Scripture is full stories of God using odd things.

For the rest of his life, Brother Lawrence served in a kitchen, and it was among the pots and pans that he discovered a peaceful life of continual communion with God. He believed firmly that all work, all places, and indeed all of life was sacred. Going further, Lawrence said those who elevated times of corporate worship as more important, or who used elaborate rituals to drew closer to God suffered from “a great delusion.” With words that still challenge our interest in elaborate religious spectacles, Lawrence said:

Men invent means and methods of coming at God’s love, they learn rules and set up devices to remind them of that love, and it seems like a world of trouble to bring oneself into the consciousness of God’s presence. Yet it might be so simple. Is it not quicker and easier just to do our common business wholly for the love of Him?[2]

Rather than rituals or elaborate church events to fuel his spirituality, Brother Lawrence developed a capacity for ceaseless prayer as the apostle Paul commanded. He conducted his ordinary work in the monastery’s kitchen with his mind always attentive to God’s presence. He said, “As often as I could, I placed myself as a worshiper before him, fixing my mind upon his holy presence, recalling it when I found it wandering from him. This proved to be an exercise frequently painful, yet I persisted through all difficulties.”

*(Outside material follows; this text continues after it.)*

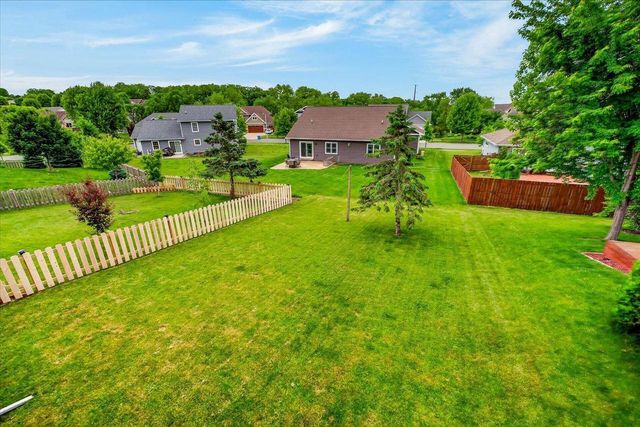 209 W Gonstead Road, Mount Horeb, WI 53572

Always radiating the joy and tranquility of Christ, Lawrence attracted many others to his simple way of life and prayer. “There is not in the world a kind of life more sweet and delightful, than that of a continual conversation with God; those only can comprehend it who practice and experience it.”[3]

(Read more in Psalm 139:1-12; Deuteronomy 6:4-9)

[1] The Practice of the Presence of God: Being Conversation and Letters of Nicolas Herman of Lorraine, 5th ed. (London: James Nisbet & Co., Limited, 1904), 7.

[2] Sheldon Cheney, Men Who Have Walked with God (Whitefish, MT: Kessinger Publishing, 1997), 303.

[3] Brother Lawrence (Nicholas Herman), The Practice of the Presence of God (Grand Rapids: Baker Publishing Group), 1967, Fifth Letter.